David Rice

Personal information
- Born: 8 April 1914 Hellesdon, Norfolk, England
- Died: 13 September 1997 (aged 83) Brighton, East Sussex, England
- Batting: Right-handed
- Bowling: Right-arm medium-pace

Domestic team information
- 1946: Norfolk
- 1960 to 1961: Col. L. C. Stevens' XI

Career statistics
| Competition | First-class |
| Matches | 2 |
| Runs scored | 32 |
| Batting average | 16.00 |
| 100s/50s | 0/0 |
| Top score | 23 |
| Balls bowled | 150 |
| Wickets | 1 |
| Bowling average | 84.00 |
| 5 wickets in innings | 0 |
| 10 wickets in match | 0 |
| Best bowling | 1/37 |
| Catches/stumpings | 2/– |
- Source: Cricinfo, 22 October 2016

= David Rice (psychiatrist) =

English physician, naval officer, psychiatrist & cricketer

Surgeon Lieutenant-Commander David Rice (8 April 1914 – 13 September 1997) was an English physician, naval officer, psychiatrist, first-class cricketer, and pioneer of lithium therapy.

==Medical career==
After completing his medical studies at Cambridge University and St George's Hospital, Rice joined the Royal Naval Reserve in 1939 as a Surgeon Lieutenant. He served in the Navy throughout the war, finishing with the rank of Surgeon Lieutenant-Commander.

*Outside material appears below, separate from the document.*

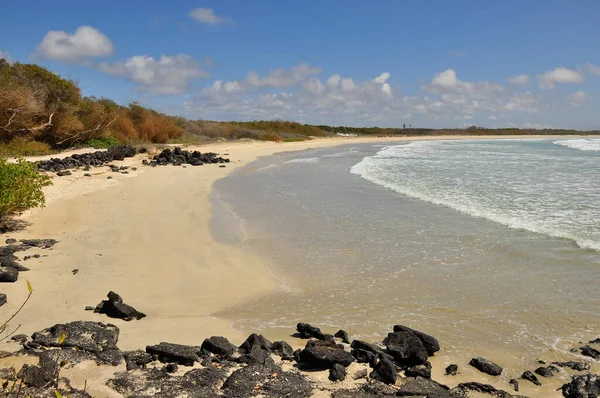 Praia da Ilha Isabela, Galápagos, Equador — Fotografia de Stock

Rice was one of the pioneers of the use of lithium therapy for the mentally ill. After the war he worked as Deputy Medical Superintendent at Graylingwell Hospital, a large psychiatric hospital in Chichester in Sussex. In the early 1950s an Australian colleague showed him an article by John Cade in The Medical Journal of Australia on the beneficial effects of lithium on patients with mania. He decided to try it on some of his more severely affected patients, and found it worked in many cases. He wrote up the results in a 1956 edition of the Journal of Mental Science, after which his work was followed up in Britain by his colleague Ronald Maggs and others.

In 1956 Rice moved to Hellingly Hospital in Hailsham, another large psychiatric hospital in Sussex, as Medical Superintendent, where he remained for the rest of his career. He wrote a history of the hospital after it closed in 1994.

==Cricket career==
Rice played cricket, as a medium-pace bowler and lower-order batsman, well into his fifties. Aside from club cricket he played numerous games for the Royal Navy, two non-first-class matches for Sussex in 1945, and one match in 1946 for Norfolk in the Minor Counties Championship.

Rice made his first-class debut at the age of 46 years and 95 days (the oldest first-class debutant in the British Isles since 1924) when he captained Col. L. C. Stevens' XI against Cambridge University at The Saffrons ground in Eastbourne in July 1960. There were four other first-class debutants in his team, as well as the former England Test captain Len Hutton, aged 44, and the Indian prince and future Test player Indrajitsinhji. Rice was also captain in the corresponding match in 1961, when his team included the current Test player Tom Graveney and the 49-year-old Sussex veteran George Cox. His two first-class matches were the only first-class matches played by Col. L. C. Stevens' XI.

==Personal life==
Rice's father, also called David Rice (1871–1935), was the medical superintendent of Hellesdon Hospital, a large psychiatric asylum near Norwich. Rice had an elder sister, Evelyn, and a younger brother, Hugh, who was also a physician and first-class cricketer. David Rice Hospital, in Drayton, a suburb of Norwich, which operated from 1937 to about 2005, was named after their father.

Rice was married twice: he and his first wife Joan had four children; after she died he married his second wife, Mary, who survived him. They lived in The Elms in the village of Ringmer in East Sussex. He died in Brighton in 1997 at the age of 83.